*** Opening of SUPPLIED ENTRIES ***

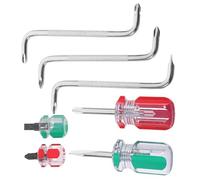 DIKACA Set de Tournevis Magnétique Z à Tête Plate et Cruciforme Tournevis Droit et Coudé à Petit Embout Acier Chrome-vanadium Outil Robuste pour Espaces Étroits et Usages Polyvalents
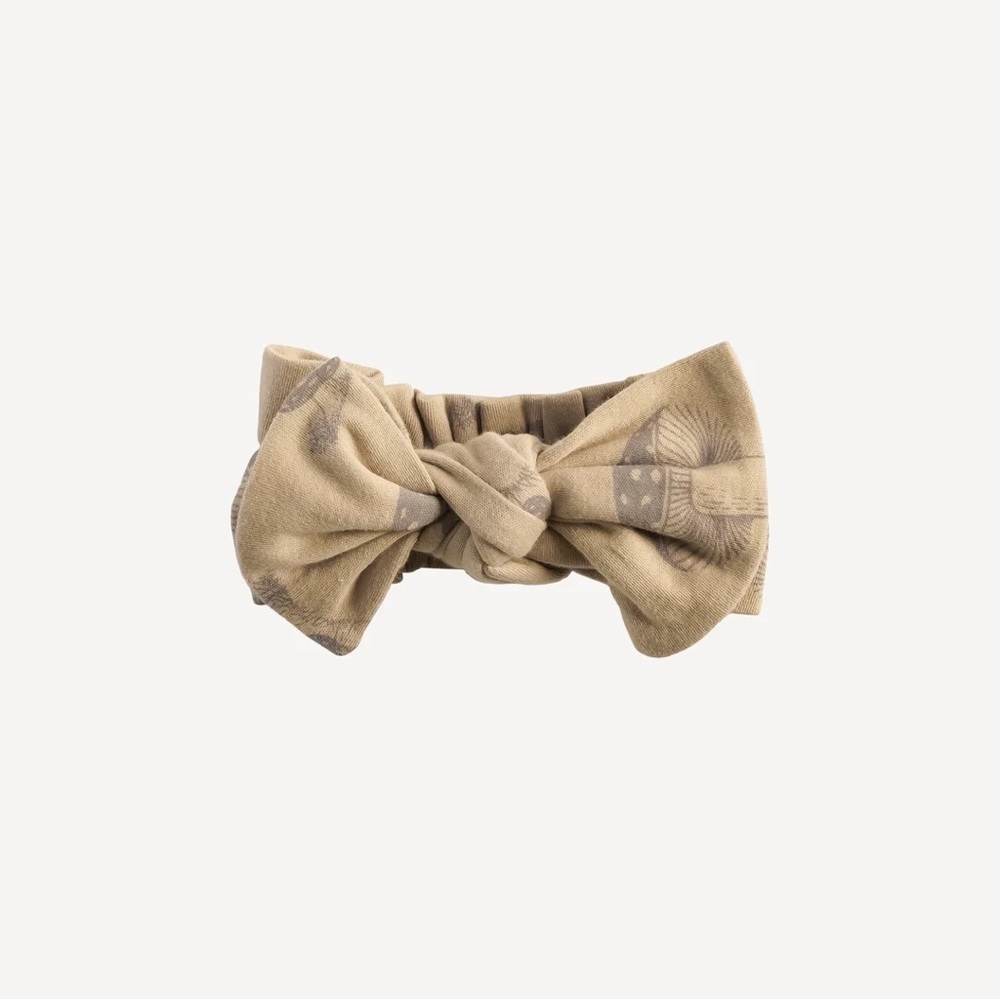 Kate Quinn large bow elastic headband, mocha toadstool, organic cotton, NWT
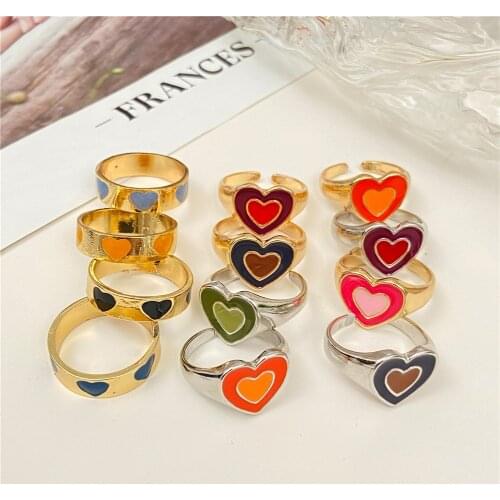 New Ins Trendy Creative Simple Colorful Love Heart Rings Double Layer Vintage Heart Couple Rings For Women Fashion Jewelry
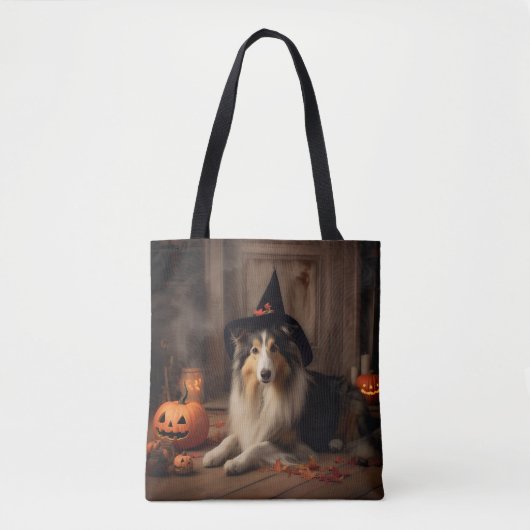 Shetland Sheepdog pompoenen Halloween eng Tote Bag (Voorkant)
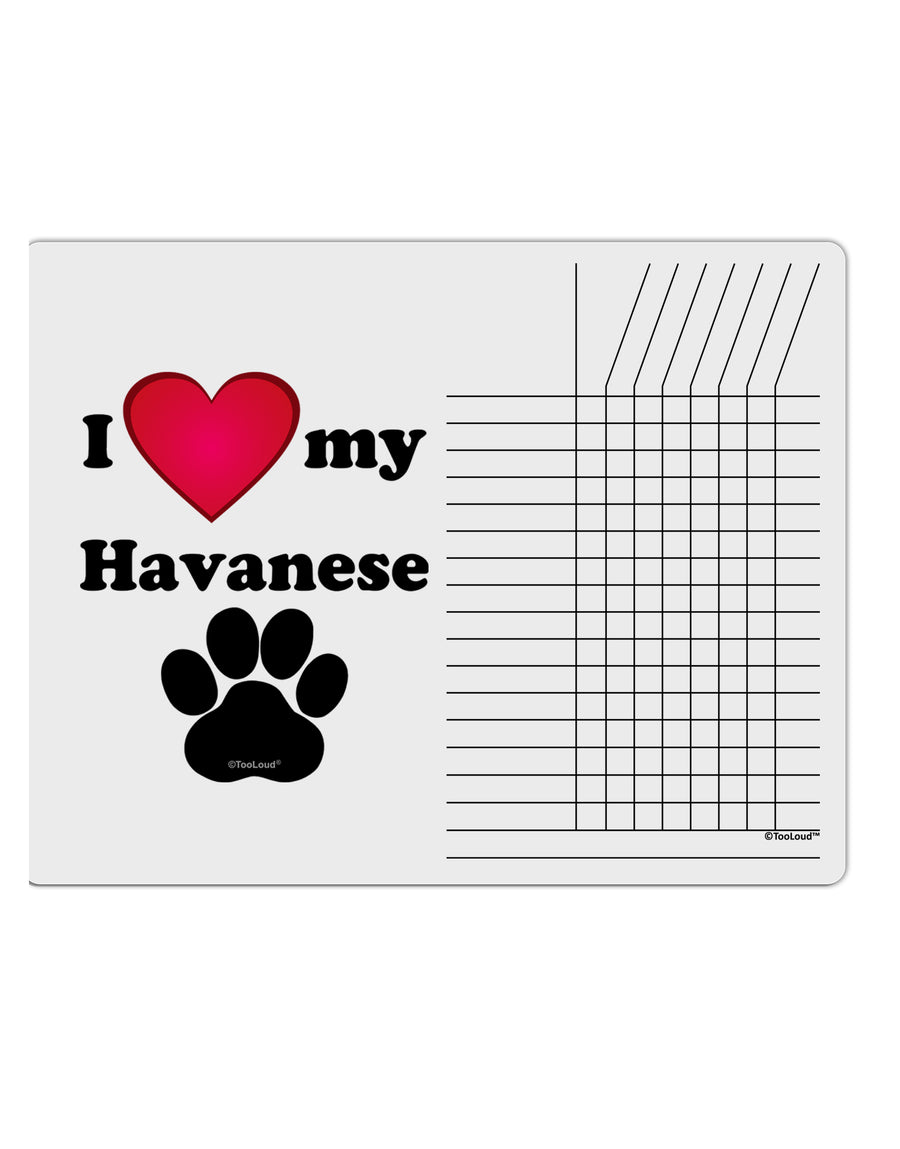 I Heart My Havanese Chore List Grid Dry Erase Board by TooLoud-TooLoud-White-Davson Sales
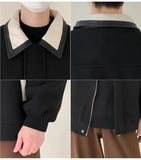 ChicMy-Fall Outfits -Autumn/Winter Coat Jacket INS Style Street Fashion Contrast Color PU Leather Collar Wool Jacket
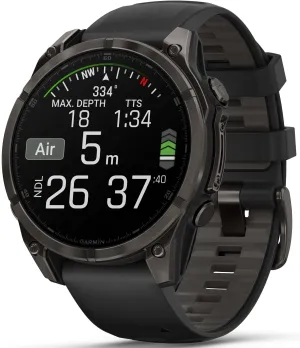 Garmin Fenix 8 47mm Sapphire AMOLED Carbon Grey DLC titanium Black Pebble Grey Silicone Watch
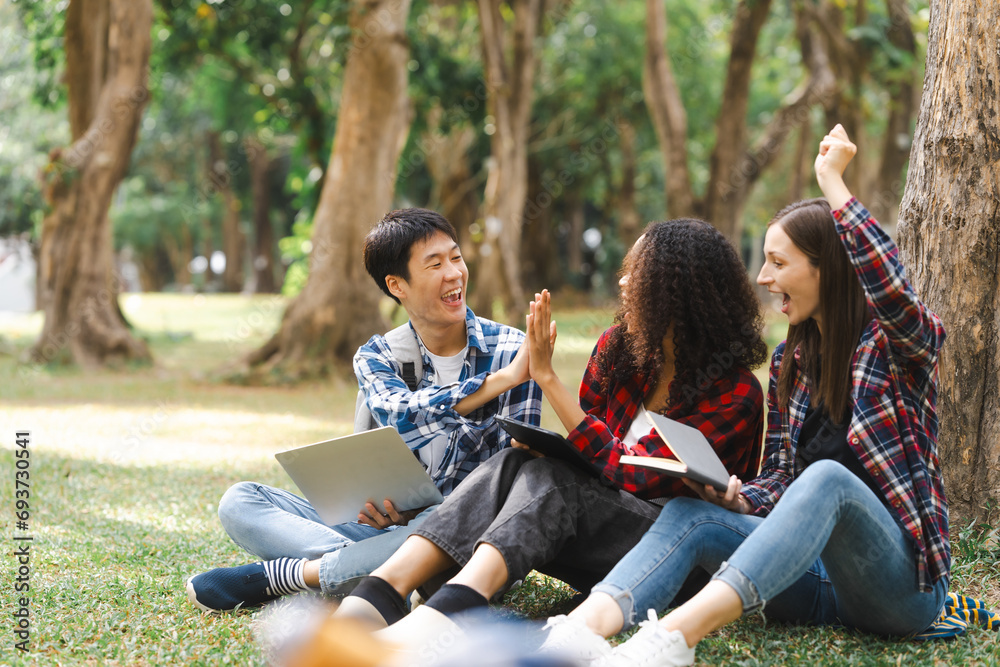 Group of young interracial diverse university students chatting together outside, engaging in a discussion together, college campus, enjoying campus recreation. Happy friends Group of young interracial diverse university students chatting together outside, engaging in a discussion together, college campus, enjoying campus recreation. Happy friends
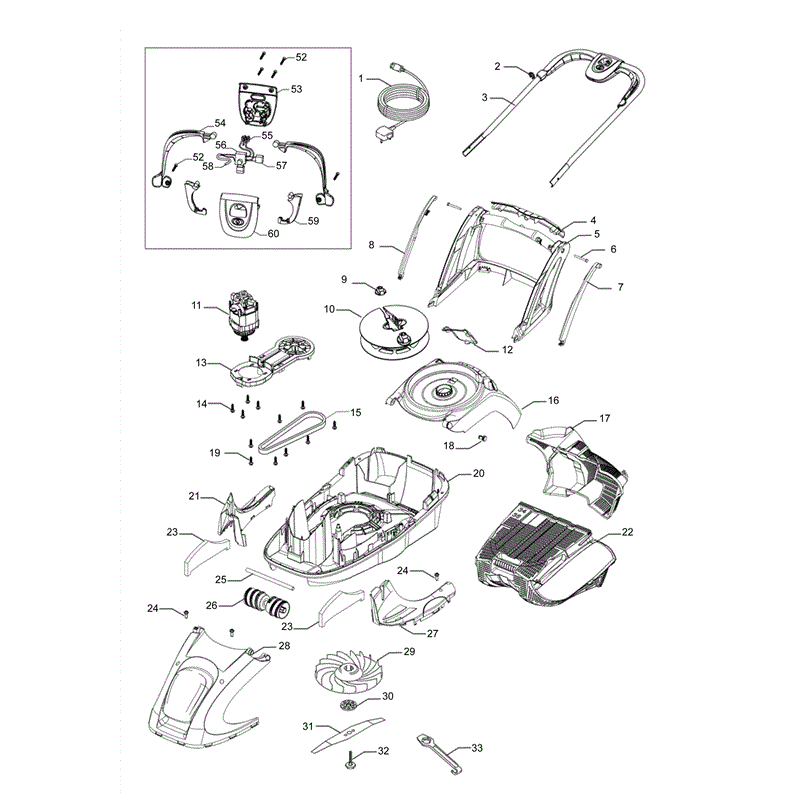Flymo Glide Master 360 (9669530-01 (2010)) Parts Diagram, Page 1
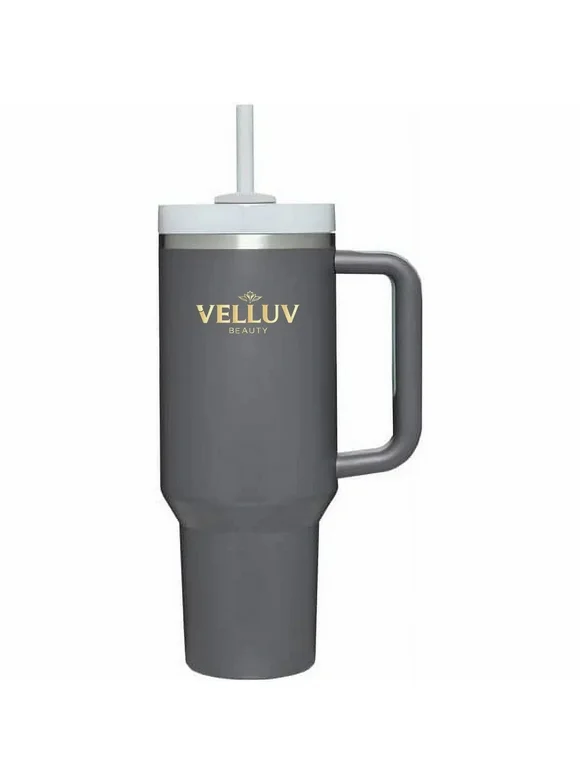 Velluv 40 oz Tumbler with Handle and 2 Straws,2 in 1 Lid Insulated Water Bottle Stainless Steel Travel Coffee Mug (Charcoal)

*** Close of SUPPLIED ENTRIES ***

TASK ITEM:
Retype the records above exactly, pictures omitted.

OUTPUT BELOW:
 DIKACA Set de Tournevis Magnétique Z à Tête Plate et Cruciforme Tournevis Droit et Coudé à Petit Embout Acier Chrome-vanadium Outil Robuste pour Espaces Étroits et Usages Polyvalents
 Kate Quinn large bow elastic headband, mocha toadstool, organic cotton, NWT
 New Ins Trendy Creative Simple Colorful Love Heart Rings Double Layer Vintage Heart Couple Rings For Women Fashion Jewelry
 Shetland Sheepdog pompoenen Halloween eng Tote Bag (Voorkant)
 I Heart My Havanese Chore List Grid Dry Erase Board by TooLoud-TooLoud-White-Davson Sales
 ChicMy-Fall Outfits -Autumn/Winter Coat Jacket INS Style Street Fashion Contrast Color PU Leather Collar Wool Jacket
 Garmin Fenix 8 47mm Sapphire AMOLED Carbon Grey DLC titanium Black Pebble Grey Silicone Watch
 Group of young interracial diverse university students chatting together outside, engaging in a discussion together, college campus, enjoying campus recreation. Happy friends Group of young interracial diverse university students chatting together outside, engaging in a discussion together, college campus, enjoying campus recreation. Happy friends
Flymo Glide Master 360 (9669530-01 (2010)) Parts Diagram, Page 1
 Velluv 40 oz Tumbler with Handle and 2 Straws,2 in 1 Lid Insulated Water Bottle Stainless Steel Travel Coffee Mug (Charcoal)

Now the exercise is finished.